| Excerpted data |
===============

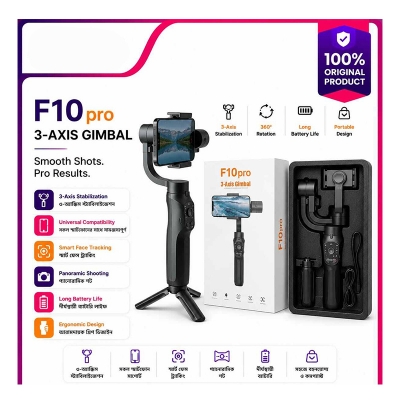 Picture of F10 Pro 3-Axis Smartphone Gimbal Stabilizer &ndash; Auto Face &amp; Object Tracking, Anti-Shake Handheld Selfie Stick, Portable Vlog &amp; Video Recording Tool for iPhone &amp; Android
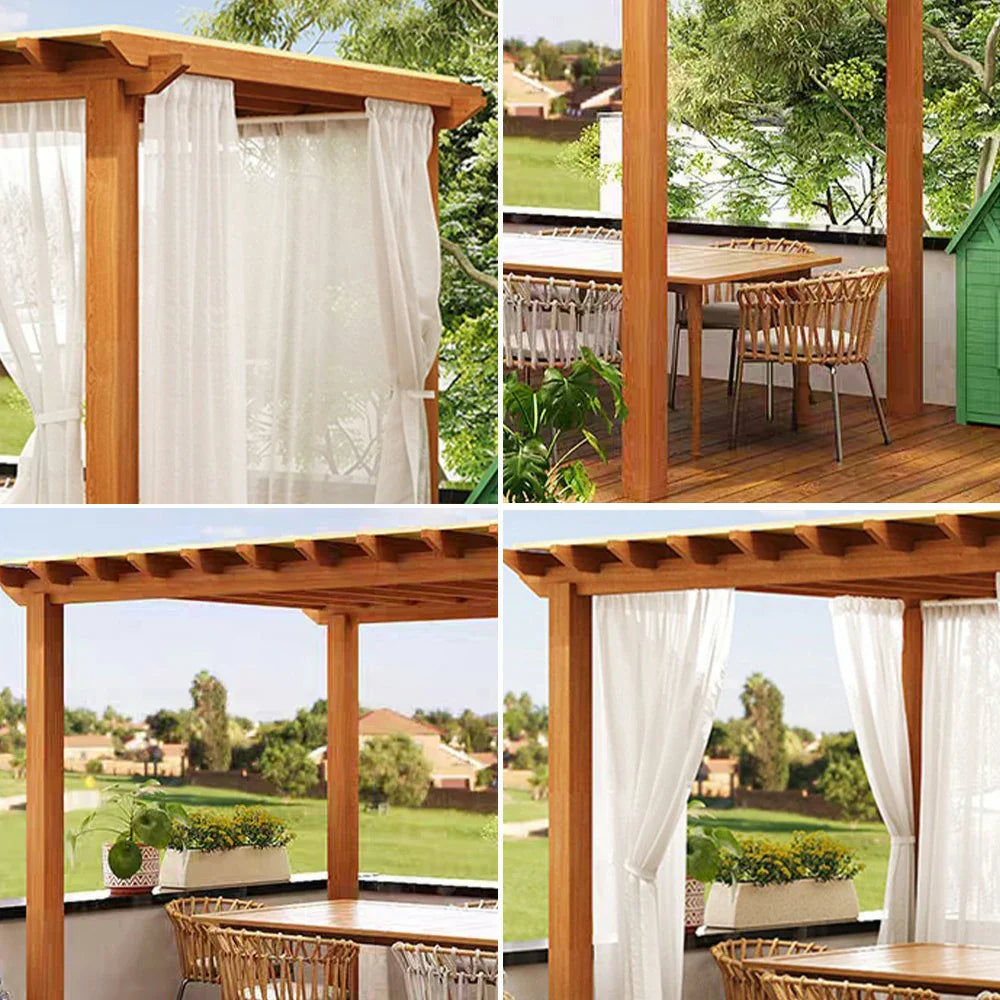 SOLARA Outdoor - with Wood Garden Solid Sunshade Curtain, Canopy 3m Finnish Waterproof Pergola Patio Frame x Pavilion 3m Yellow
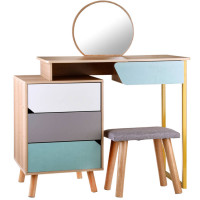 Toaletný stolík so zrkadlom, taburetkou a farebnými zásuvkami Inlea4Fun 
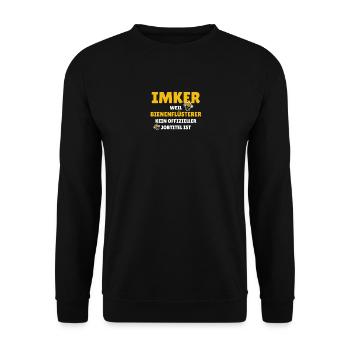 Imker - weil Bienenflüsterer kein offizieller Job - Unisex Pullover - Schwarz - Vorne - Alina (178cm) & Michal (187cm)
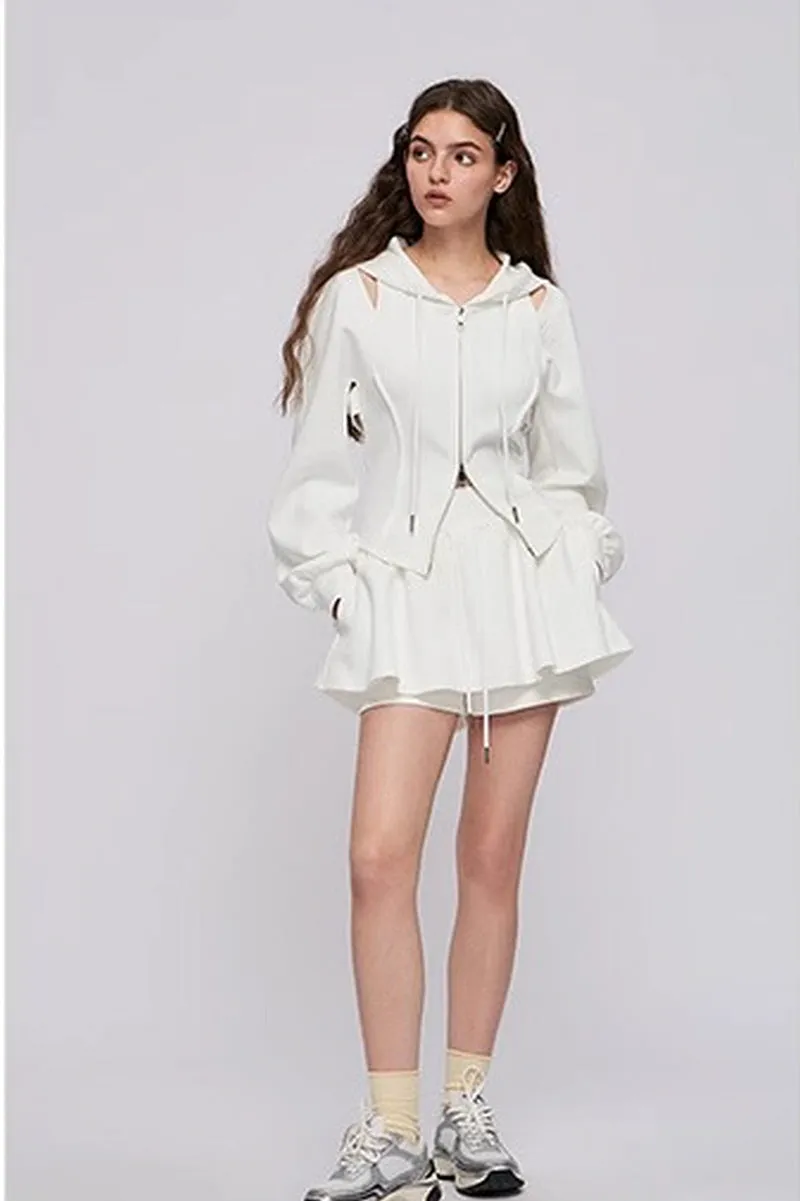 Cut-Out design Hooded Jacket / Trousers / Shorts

===============

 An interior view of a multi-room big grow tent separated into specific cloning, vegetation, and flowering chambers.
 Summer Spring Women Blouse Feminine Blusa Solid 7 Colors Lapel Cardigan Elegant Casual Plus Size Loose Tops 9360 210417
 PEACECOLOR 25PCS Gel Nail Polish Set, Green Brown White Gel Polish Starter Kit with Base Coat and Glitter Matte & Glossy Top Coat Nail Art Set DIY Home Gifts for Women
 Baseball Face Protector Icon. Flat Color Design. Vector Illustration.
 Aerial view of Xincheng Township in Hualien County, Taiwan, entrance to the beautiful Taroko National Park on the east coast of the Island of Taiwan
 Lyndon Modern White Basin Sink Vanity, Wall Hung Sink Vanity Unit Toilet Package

===============

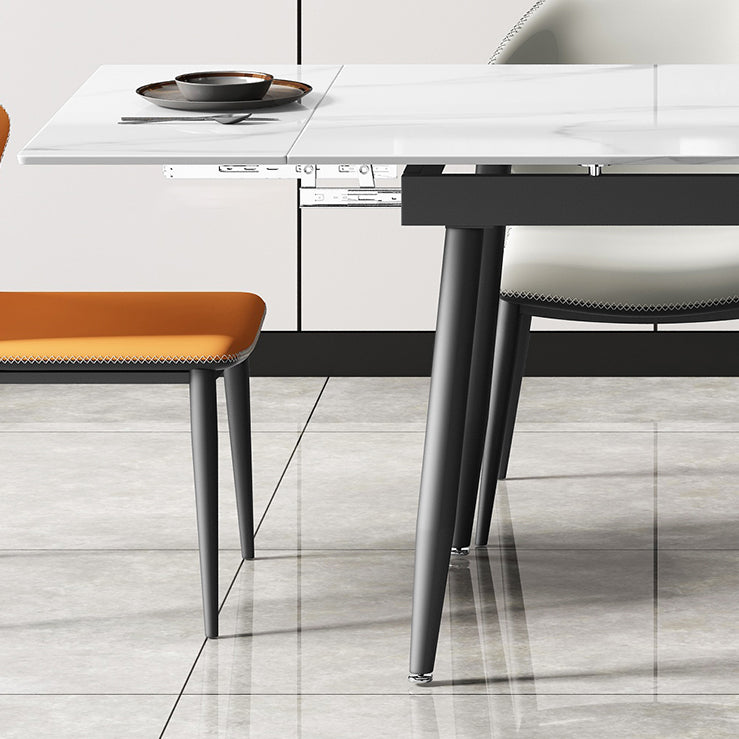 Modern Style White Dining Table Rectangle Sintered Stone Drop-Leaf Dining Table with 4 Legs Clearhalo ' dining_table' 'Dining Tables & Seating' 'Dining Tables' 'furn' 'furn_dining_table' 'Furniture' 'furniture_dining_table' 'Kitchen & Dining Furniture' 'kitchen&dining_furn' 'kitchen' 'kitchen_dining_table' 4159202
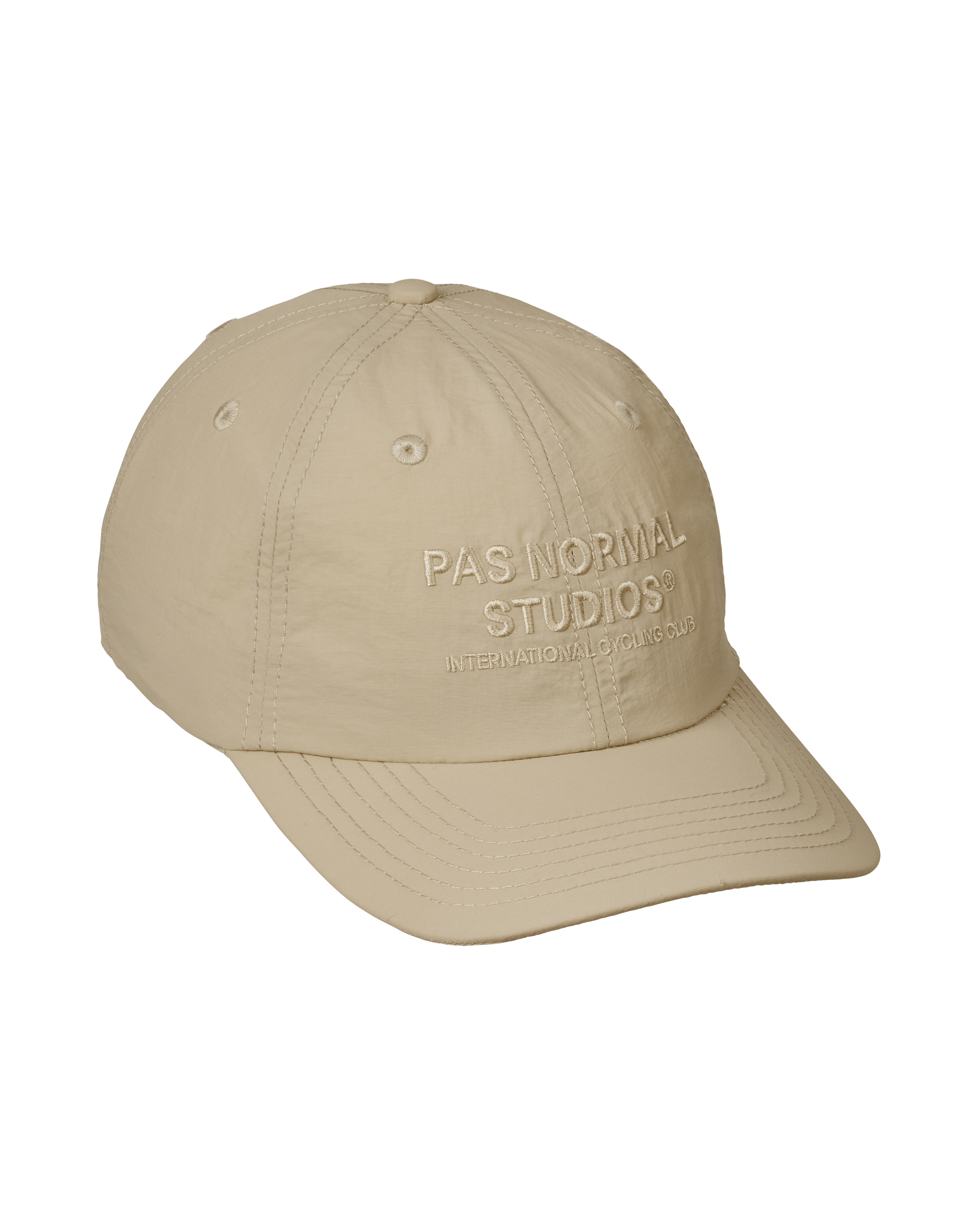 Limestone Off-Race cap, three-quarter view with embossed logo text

===============

From the records above, transcribe exactly the run of lines that opens with the line holding "Summer Spring Women" and closes with the line holding "Lyndon Modern White", both included.

| Reply to the exercise |
 Summer Spring Women Blouse Feminine Blusa Solid 7 Colors Lapel Cardigan Elegant Casual Plus Size Loose Tops 9360 210417
 PEACECOLOR 25PCS Gel Nail Polish Set, Green Brown White Gel Polish Starter Kit with Base Coat and Glitter Matte & Glossy Top Coat Nail Art Set DIY Home Gifts for Women
 Baseball Face Protector Icon. Flat Color Design. Vector Illustration.
 Aerial view of Xincheng Township in Hualien County, Taiwan, entrance to the beautiful Taroko National Park on the east coast of the Island of Taiwan
 Lyndon Modern White Basin Sink Vanity, Wall Hung Sink Vanity Unit Toilet Package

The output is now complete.